Since the last post, some pretty decent progress was made (considering my lack of coding background). The game already has some fundamental steps: gathering some resources, exchanging them for money, and a few upgrades. A basic interface is in place, which will be hopefully much-improved later but is already perfectly serviceable.

Story so far

The current state of the game sets you out as an orphan, taken in by a poor farmer. You do some work for him/her gathering up wheat (and later, wood) in exchange for meagre money. You can also upgrade your scythe (increase wheat harvested per click), basket (increase maximum wheat capacity) and axe (increase wood chopped per click). These different things are introduced in steps, but once you reach the furthest stage you can gather and upgrade indefinitely, for now. I added a future step, which is not yet accessible in the current build, where you decide to "explore" the field further, and eventually discover an old cave. Explore that, and it becomes identified as an abandoned mine. That will open up new resources, and eventually the dungeon.

UI

The UI is barebones simple, but works well enough, and displays more elements as the game progresses.

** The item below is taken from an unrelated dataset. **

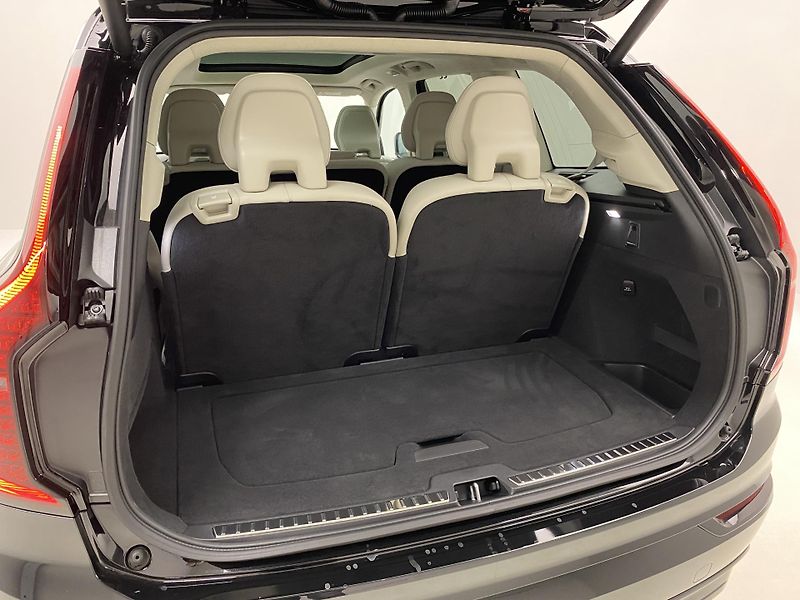 Volvo XC90 (2026) T8 AWD RECHARGE DARK ULTRA - fotka 25 z 79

My favourite little addition was tooltips, which pop up above the element and are fully formattable in HTML:

I want the game to give the player a lot of information, especially for income and outgoings, so that mousing over a resource will show a breakdown of your income and consumption, where it comes from and any bonuses applied. The player should be able to see what is causing any deficiencies and can more easily choose how to address them.

Game Design reflection

Aside from the practical progress, putting the first steps into practice were helpful at already making me reflect on my design goals.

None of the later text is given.